Summary: The children of a once-brilliant playwright and a struggling actress, the four Haas siblings grew up in chaos—raised in an environment composed of neglect and glamour in equal measure. When their father dies, they must depend on their intense but fragile bond to remember what it means to be family despite years of anger and hurt. These brothers and sisters are painfully human, sometimes selfish, and almost always making the wrong decisions, but their endearing struggles provide laughter through tears—something anyone who's ever had a sibling can relate to. -- Harper
I have a pretty normal family and a pretty uneventful life as those things go, but I still love to read books about mixed-up and crazy families. The latest one that I enjoyed was THE SUMMER WE FELL APART by Robin Antalek. THE SUMMER WE FELL APART tells the story of the Haas family and how the kids managed to cope (or not cope as the case may be) with their non-traditional upbringing.
At first I wasn't sure that I was going to enjoy this book. It took me a while to get into the story, but I decided to stick with it because I normally enjoy books like this one. I admit that it was kind of slow-going for me for the first 75 pages or so, and then the book really took off! By the time I was on to the second section of the book, I couldn't put it down. I felt as if I got to know each of the family members (I became invested in their lives) and I had to find out what happened to each one of them.
I ended up really enjoying this novel, and I think any reader who enjoys stories about family dynamics will appreciate it. For the most part, I liked seeing the relationship between the children and how close some of them were because of their past. There is no doubt that each of the children were affected in some way because of their upbringing. I think the author did a great job of developing each of the characters (quirks and all) along with creating the interactions between them. The sibling relationships and their feelings toward each other seemed very real and honest to me. Because of their unusual family, the children were forced to band together; and as a result, some of them were very close to each other.
One thing I found interesting about this novel was how the author chose to tell the story. The book is divided into sections for each character -- the four children and their mother. Each section definitely has a different and distinct feel to it, and I liked that the first section -- Amy's story -- was written in first person narrative while the other four sections were written in third person. In addition, I found it interesting that the reader never gets to see the father's side of the story. (I definitely intend to ask the author about this tomorrow night!) I also appreciated that some of the stories were told by multiple characters because I could see the different views and gather additional insight that way.

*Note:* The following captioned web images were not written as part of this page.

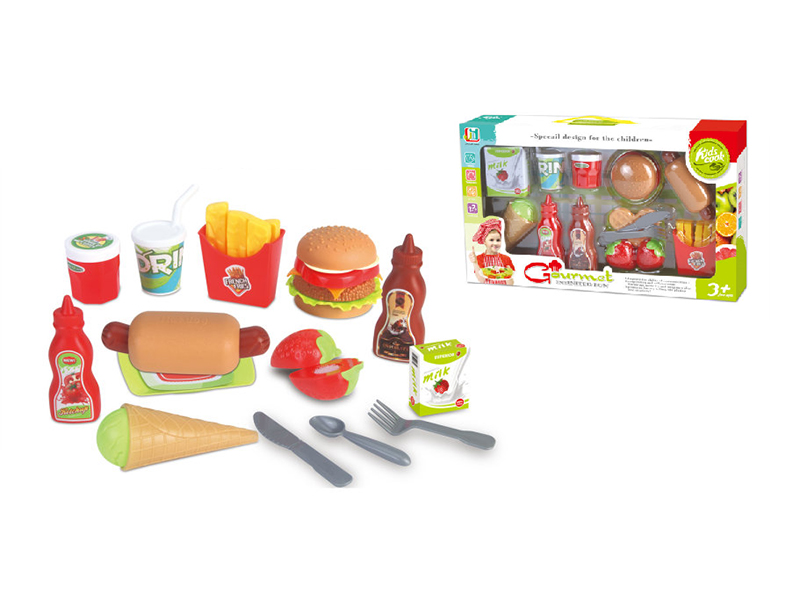 Simulated Hamburger Fast Food Set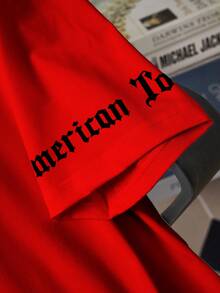 Manfinity LEGND Camiseta de manga corta de cuello redondo casual para hombres con diseño de letra gótica de LA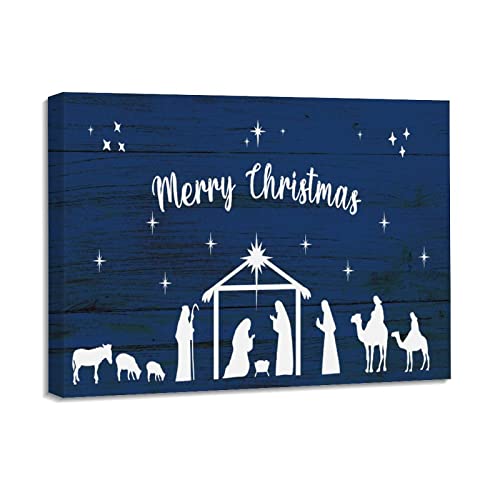 Impression sur toile Merry Christmas Nativité moderne cadre bois 40x50 cm
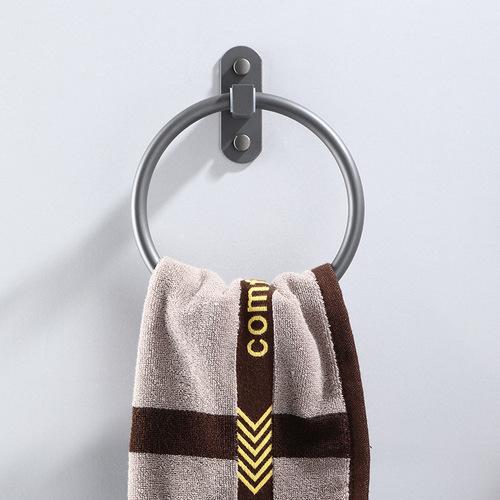 Gun gray space aluminum towel ring bathroom towel rack towel ring storage rack bathroom towel hanging punch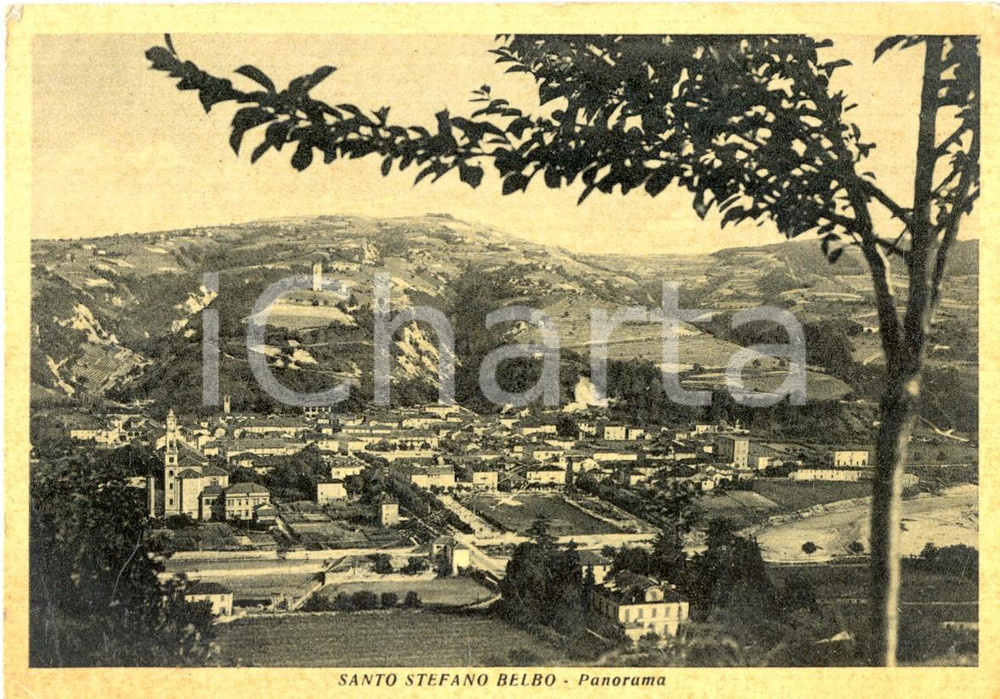 Cartolina originale da collezione 1940 ca SANTO STEFANO BELBO CN Panorama del paese Cartolina postale FG VG 1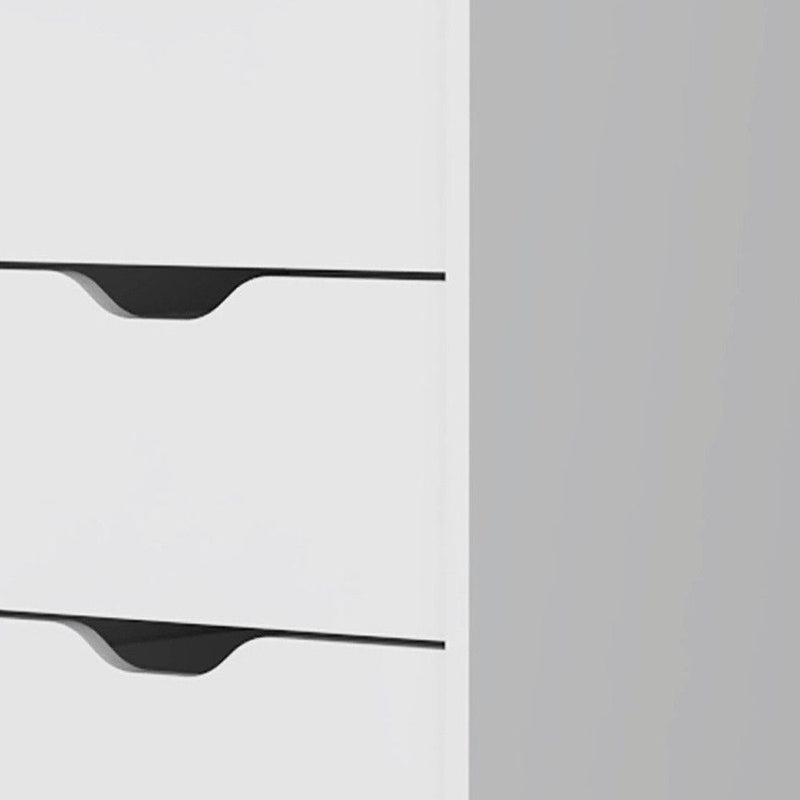Manufactured Wood Five Drawer Narrow Dresser - White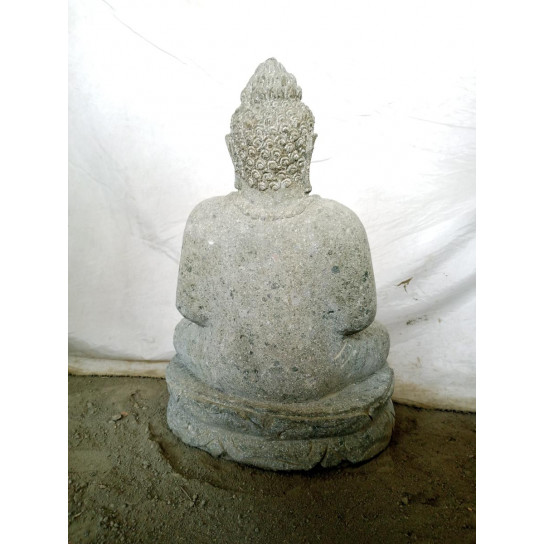 Estatua de buda sentado de piedra jardín zen collar 50 cm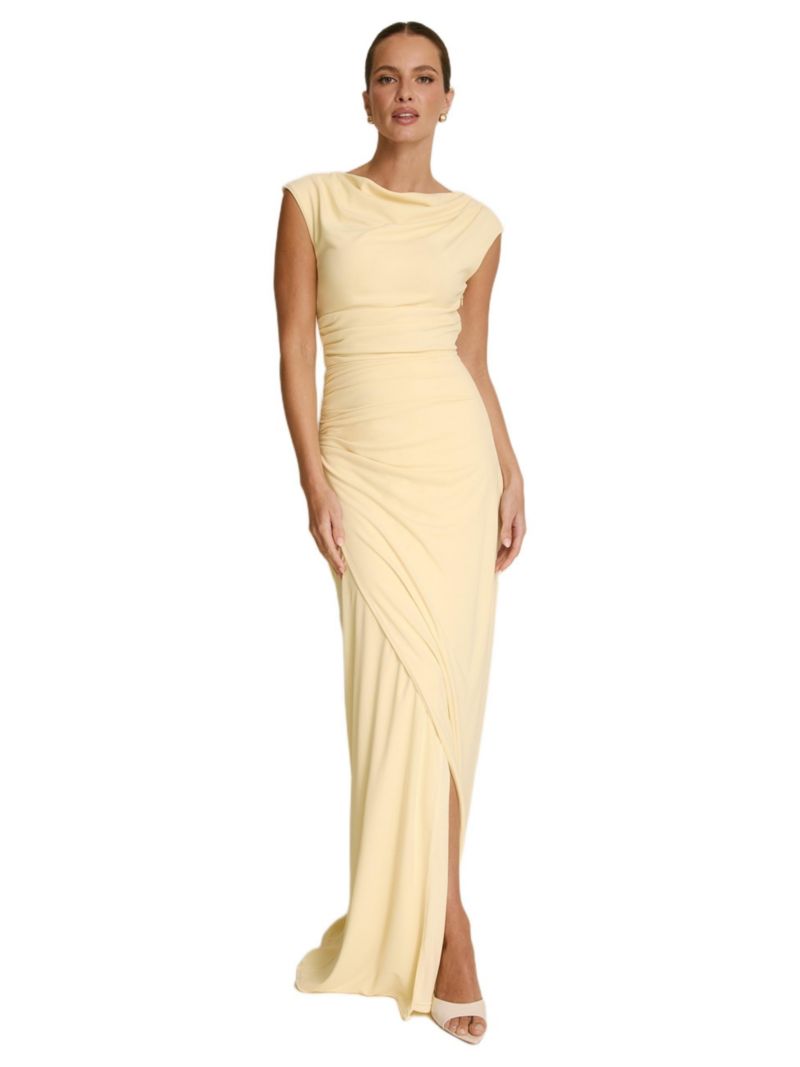 Women's Cowl Gathered Short Sleeve Bridesmaid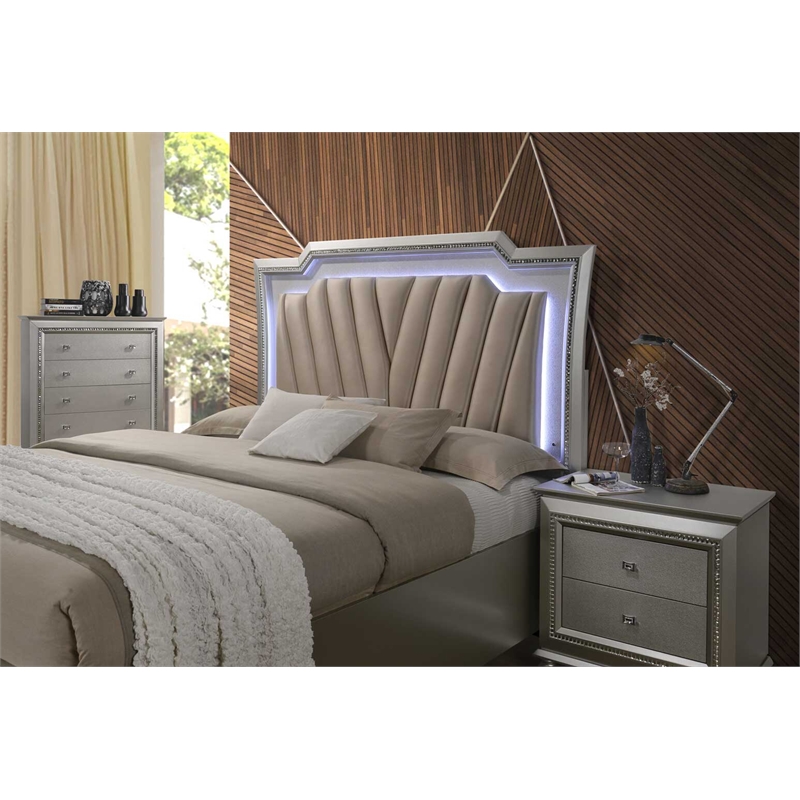 Bowery Hill Queen Faux Leather Storage Bed with LED in Champagne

On Monday, January 25th at 7:00 p.m. ET, Ms. Antalek will be joining Book Club Girl on Air to discuss THE SUMMER WE FELL APART. I already have a list of questions to ask her, and I'm sure the other readers will as well. It's bound to be an interesting discussion talking about this novel and the unique characters in it. You can set a reminder here.
I have a feeling that THE SUMMER WE FELL APART would make a fabulous book club discussion book, especially if your group likes to delve into characters and their actions. There is a reading guide available with tons of questions -- the guide has ten questions, but there are multiple questions within each question. Of course, the major topic for discussion is family relations (namely dysfunctional family dynamics); but there are many other themes including surprise, neglect, abuse, adultery, love, and hope (thank goodness). After I finished this novel, I found that I really did want to talk about the characters with someone. That's usually a pretty good indication that a book would make a good book club pick.
Thanks to Book Club Girl for sending me a copy of this novel in preparation for the BlogTalk Radio show.